### Source data
━━━━
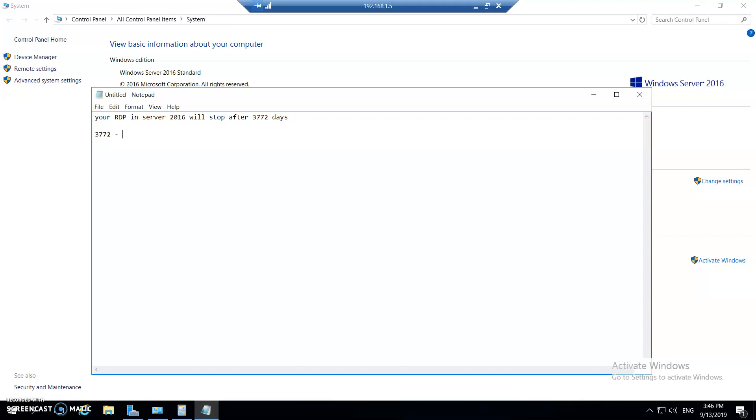Now just imagine, guys, 10 plus years for the RDP session you are getting without paying a single CAL license to Microsoft, which is a big saving. Trust me, the clients for which we have configured these kind of tweaks, they are extremely happy. It's a very cost effective way, though it's not legit. I would not say it's a legit process, but again, saving money and making client happy is what we usually do.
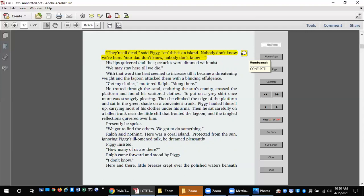Piggy hauled himself up, carrying most of his clothes under his arms. Then he sat carefully on a fallen trunk near the little cliff that fronted the lagoon, and the tangled reflections quivered over him. Presently he spoke. We got to find the others. We got to do something. Ralph said nothing. Here was a coral island. Protected from the sun, ignoring Piggy's ill-omen talk, he dreamed pleasantly. Piggy insisted. How many of us are there? Ralph came forward and stood by Piggy. I don't know.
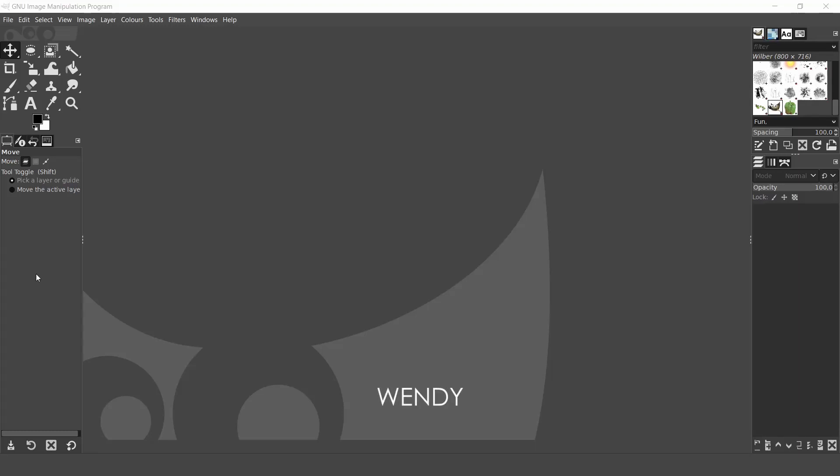Hello everyone, my name is Wendy. In this video we will go over a number of options for creating new images, opening images and saving images in GIMP.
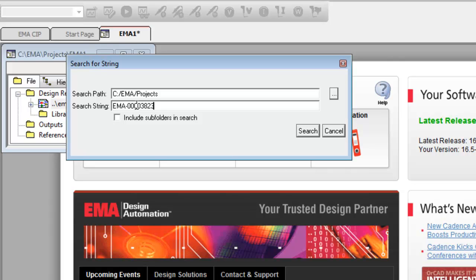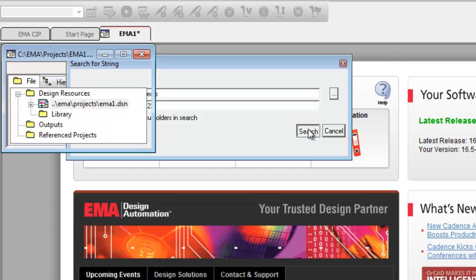Also, I can search any subfolders from my search path location. Then, select Search.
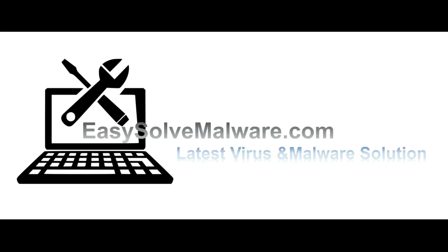That's all. Thank you watching the video from EasySolveMalware.com. We hope it solve your problem.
━━━━
### Exercise objective
Hand back the data above exactly, leaving out all pictures.

### Finished exercise
Now just imagine, guys, 10 plus years for the RDP session you are getting without paying a single CAL license to Microsoft, which is a big saving. Trust me, the clients for which we have configured these kind of tweaks, they are extremely happy. It's a very cost effective way, though it's not legit. I would not say it's a legit process, but again, saving money and making client happy is what we usually do.
Piggy hauled himself up, carrying most of his clothes under his arms. Then he sat carefully on a fallen trunk near the little cliff that fronted the lagoon, and the tangled reflections quivered over him. Presently he spoke. We got to find the others. We got to do something. Ralph said nothing. Here was a coral island. Protected from the sun, ignoring Piggy's ill-omen talk, he dreamed pleasantly. Piggy insisted. How many of us are there? Ralph came forward and stood by Piggy. I don't know.
Hello everyone, my name is Wendy. In this video we will go over a number of options for creating new images, opening images and saving images in GIMP.
Also, I can search any subfolders from my search path location. Then, select Search.
That's all. Thank you watching the video from EasySolveMalware.com. We hope it solve your problem.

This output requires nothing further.